The room spun with energy. Crystals along the shelves flared brighter, mirrors fluttered with ghostlight. His magic recognized her now, roared around her like armor being reforged. His body aligned to it without conscious thought, shielding her from every possible direction.
He finally tore his mouth from hers, breath ragged. “You don’t get to be threatened,” he said, voice low, shaking with conviction. “Not by some sentient Chamber, or its inhabitant. Not by anything. Not while I’m breathing.”
Lisa stared up at him, lips parted, eyes dark with a storm of emotion he couldn’t name, shock, defiance, want. “Rezer,” she said softly, “you can’t protect me from—”
“Yes,” he interrupted. “I can. I will.” His hand slid up to her jaw, thumb brushing the spot he’d just kissed. “You matter too damn much now. Whatever comes through that Chamber, whatever games they play, it ends before it touches you.”
Her breath hitched.

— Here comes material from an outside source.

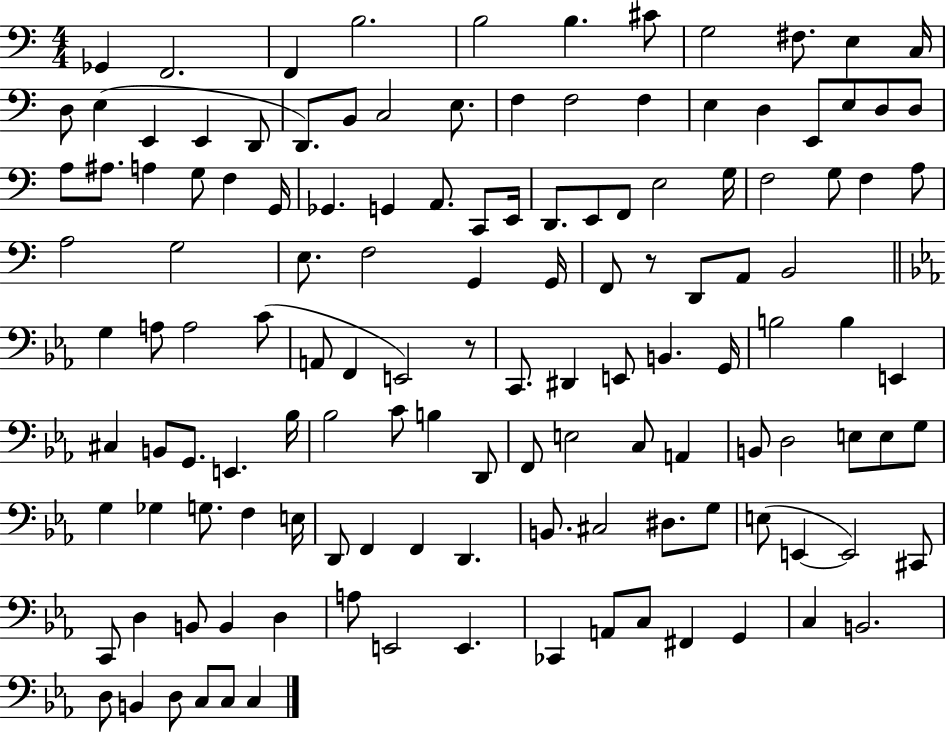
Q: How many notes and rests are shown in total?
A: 132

He felt it, every tremor of it, in his own chest. “You’re furious,” she whispered.
“I’m aware.”
“And you think kissing me fixes that?”
“No.” His mouth curved in something almost feral. “It reminds me what’s at stake.”
For a heartbeat they simply stood there, the hum of magic still vibrating through the floorboards, the mirror behind him pulsing faintly with residual power. He hadn’t released her yet; maybe he couldn’t. His arm still encircled her waist, her body fitting perfectly against his.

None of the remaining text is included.